The BTU content typically has been pretty strong and then they you have got really strong prices in the North Louisiana area on top of that and – but overall we have been averaging very close to Henry hub, sometimes a slight discount to that number. Ron Mills – Johnson Rice: Great, and then you're hedging, do you still only have the $17 million a day you hedged related to this shell acquisition?

Mark Good

Analyst

Right. And that acquisition runs through the end of 2009. It is about roughly 12% of the production. Ron Mills – Johnson Rice: All right, thank you.

Operator

Operator

Our next question comes from the line of Matt McGeary from Sentinel Asset Management. Please proceed. Matt McGeary – Sentinel Asset Management: Good morning, guys. I will say if the current shareholder I do commend you generating all this nice growth and outlook within your cash flow internal estimates. Most of my questions have been answered, I am just curious Jay maybe sort of conceptually given what has happened to the E&P sector, the stock market anyway. At some point does it make sense to use some of your cash to buy back some of your own stock. You know, even with all the nice certain growth avenues you have in front for you?

Jay Allison

Management

Yes, absolutely I think it does. If you look at the company just [ph] as you get through this one-hour conference call, I know the sector hasn't been trading well for maybe a month, but we did report an exceptional quarter, it is the highest quarterly profit in our corporate history $83 million. As Roland had said early we didn't have a mark-to-market issue or derivative issue.
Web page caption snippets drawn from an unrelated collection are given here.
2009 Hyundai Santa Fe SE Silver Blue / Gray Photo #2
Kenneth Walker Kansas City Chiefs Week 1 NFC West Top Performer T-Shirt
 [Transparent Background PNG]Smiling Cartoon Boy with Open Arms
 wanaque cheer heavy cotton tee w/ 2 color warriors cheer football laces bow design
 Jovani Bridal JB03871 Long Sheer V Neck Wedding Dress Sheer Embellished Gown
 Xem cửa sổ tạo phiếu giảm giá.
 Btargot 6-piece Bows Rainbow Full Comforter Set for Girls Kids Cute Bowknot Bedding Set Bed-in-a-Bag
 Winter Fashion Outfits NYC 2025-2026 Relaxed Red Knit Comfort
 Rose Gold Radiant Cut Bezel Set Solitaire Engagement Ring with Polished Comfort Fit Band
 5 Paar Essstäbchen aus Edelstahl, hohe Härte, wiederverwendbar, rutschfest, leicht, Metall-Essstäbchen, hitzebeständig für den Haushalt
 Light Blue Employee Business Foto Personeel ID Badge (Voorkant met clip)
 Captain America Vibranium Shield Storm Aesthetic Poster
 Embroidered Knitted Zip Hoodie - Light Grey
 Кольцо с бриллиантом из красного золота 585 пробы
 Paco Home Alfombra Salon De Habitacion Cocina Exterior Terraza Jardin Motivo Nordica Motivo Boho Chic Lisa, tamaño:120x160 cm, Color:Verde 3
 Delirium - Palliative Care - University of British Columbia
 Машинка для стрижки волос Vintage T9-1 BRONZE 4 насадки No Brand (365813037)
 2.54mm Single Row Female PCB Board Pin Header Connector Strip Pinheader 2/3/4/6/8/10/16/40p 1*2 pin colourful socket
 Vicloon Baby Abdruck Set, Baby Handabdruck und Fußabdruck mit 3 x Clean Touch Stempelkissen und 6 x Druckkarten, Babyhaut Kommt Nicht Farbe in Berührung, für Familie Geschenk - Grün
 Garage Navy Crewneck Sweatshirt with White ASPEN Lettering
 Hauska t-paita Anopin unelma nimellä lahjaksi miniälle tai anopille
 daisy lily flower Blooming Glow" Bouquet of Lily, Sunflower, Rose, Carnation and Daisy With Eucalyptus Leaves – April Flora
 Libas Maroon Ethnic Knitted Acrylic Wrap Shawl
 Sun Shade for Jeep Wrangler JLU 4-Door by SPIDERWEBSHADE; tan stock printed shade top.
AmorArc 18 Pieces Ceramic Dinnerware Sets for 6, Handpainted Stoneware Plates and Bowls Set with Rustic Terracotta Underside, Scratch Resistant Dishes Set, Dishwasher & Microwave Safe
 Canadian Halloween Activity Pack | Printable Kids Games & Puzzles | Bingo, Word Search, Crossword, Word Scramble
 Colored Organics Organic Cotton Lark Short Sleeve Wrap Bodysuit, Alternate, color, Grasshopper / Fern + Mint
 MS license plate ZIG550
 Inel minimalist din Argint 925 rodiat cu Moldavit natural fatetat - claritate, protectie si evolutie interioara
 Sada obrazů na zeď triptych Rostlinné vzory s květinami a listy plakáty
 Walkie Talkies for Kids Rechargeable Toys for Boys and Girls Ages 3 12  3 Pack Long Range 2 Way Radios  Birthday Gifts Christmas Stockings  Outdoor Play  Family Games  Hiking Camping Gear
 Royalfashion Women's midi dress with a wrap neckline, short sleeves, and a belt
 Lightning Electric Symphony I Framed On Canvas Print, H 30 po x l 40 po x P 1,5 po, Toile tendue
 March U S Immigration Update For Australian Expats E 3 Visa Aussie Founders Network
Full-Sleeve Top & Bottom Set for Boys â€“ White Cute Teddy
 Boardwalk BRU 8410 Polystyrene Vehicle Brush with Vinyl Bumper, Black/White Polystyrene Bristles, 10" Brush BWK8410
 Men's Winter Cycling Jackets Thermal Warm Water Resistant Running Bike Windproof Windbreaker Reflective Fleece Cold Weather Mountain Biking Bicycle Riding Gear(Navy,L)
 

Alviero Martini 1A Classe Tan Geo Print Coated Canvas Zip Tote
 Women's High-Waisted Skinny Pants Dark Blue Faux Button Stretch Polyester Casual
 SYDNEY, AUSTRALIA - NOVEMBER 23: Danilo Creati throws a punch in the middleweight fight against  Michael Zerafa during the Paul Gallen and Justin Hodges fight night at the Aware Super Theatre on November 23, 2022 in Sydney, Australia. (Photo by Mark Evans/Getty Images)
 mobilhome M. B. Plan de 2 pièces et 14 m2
We didn't have to explain some kind of mythical loss, remember we had $83 million in profits and for a company our size that is pretty phenomenal. Then going back to your statements, in other words, did we feel comfortable in purchasing stock? Well, let us look at the underlying foundation of the company, East Texas/North Louisiana we've increased our budget maybe $130 or $135 million this year, a lot of that is in East Texas/North Louisiana probably as Roland said 80%, 90% of it and then you say well what about the quality of our wells. We drilled 52, we’ve hit 52, and the IP rates have almost doubled. We were at $2.6 million a day this year. Last year for the year we averaged $1.4 million. So, we are very comfortable with our exposure in East Texas/North Louisiana. We have added another 15,000 net acres and we didn't press releases to tout it. We kind of went under the radar to do it and we kept our discipline. At the same time, we didn't issue equity to everybody to pay for it, because we don't have to. Quite frankly, before we even sold Bois d'Arc and I hope that occurs on the 28th, we were able to create our own internal cash flow because we haven't been hedged and we did these net profits and we reduced our cap, our debt…

Jay Allison

Management

Latisha, is that it? It is an hour or so.

Operator

Operator

At this time, we are running out of time. I will like to turn the call back over to Jay Allison.

Jay Allison

Management

All right again, I want to thank all of you for especially hanging on to the call to the very end. I know that this sector is not trading very well; there is nothing we could do about that. We did plan on delivering good results and if we don’t it won’t be because we didn’t try. So, thank you again for all the questions. They were good questions and for the support that we have had and continue to receive from each one of you. Thank you.

Operator

Operator

Thanks for your participation in today’s conference. This concludes the presentation, you may now disconnect.